→ WHAT IS REQUIRED
Take the line with "Continental Hauptbahnhof Hotel 3*" as the first and the last line of the data as the end. Write out both and every line between exactly, except pictures.

*** Opening DATA ***

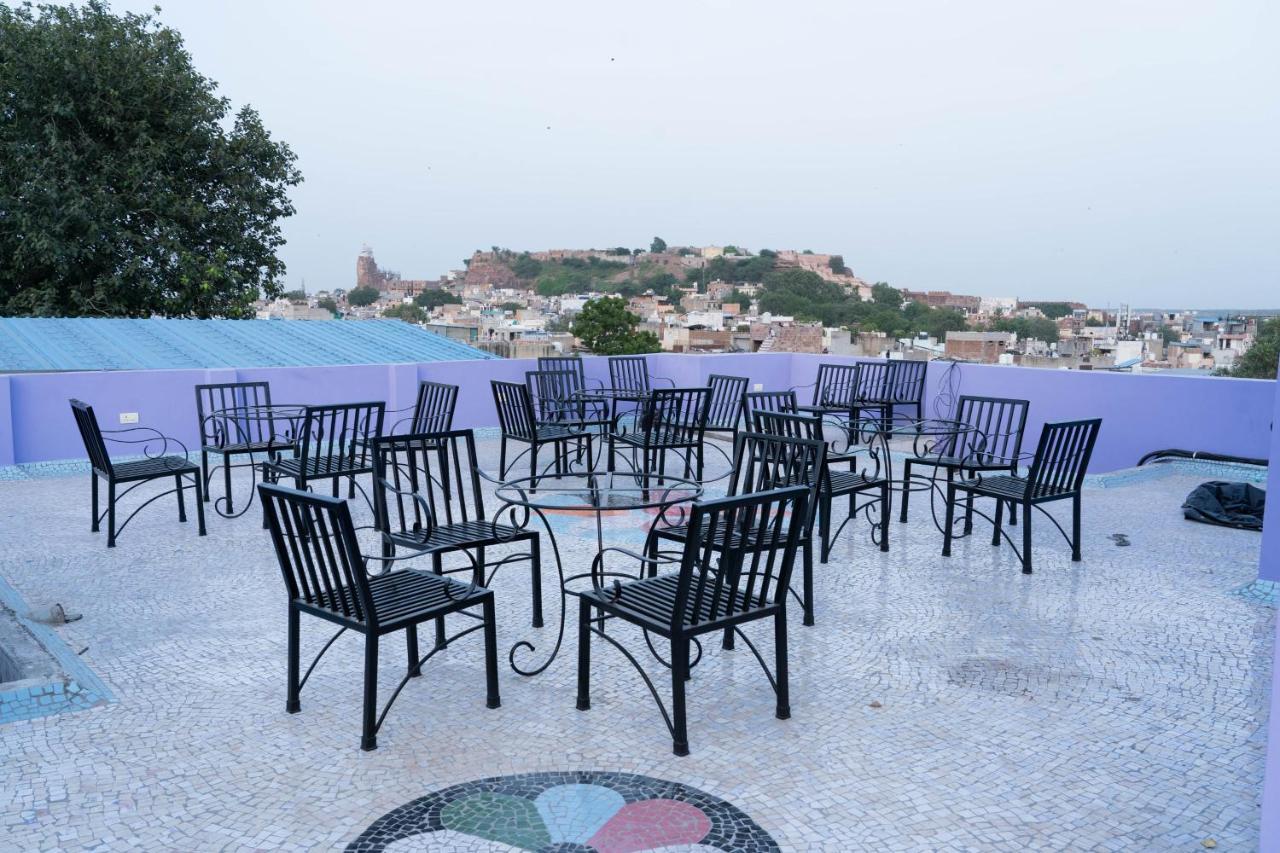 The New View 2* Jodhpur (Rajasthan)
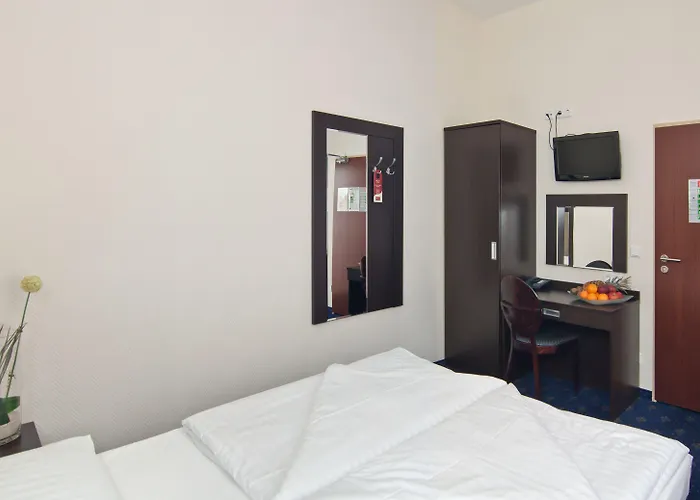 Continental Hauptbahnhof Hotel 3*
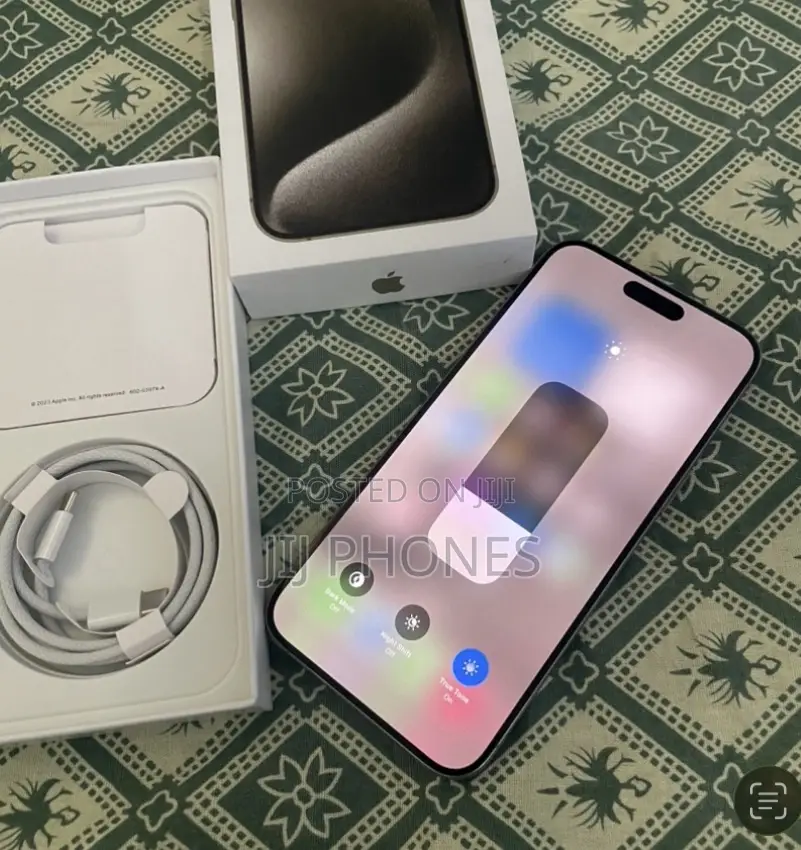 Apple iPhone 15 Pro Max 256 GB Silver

*** Closing DATA ***

→ WRITTEN RESPONSE
 Continental Hauptbahnhof Hotel 3*
 Apple iPhone 15 Pro Max 256 GB Silver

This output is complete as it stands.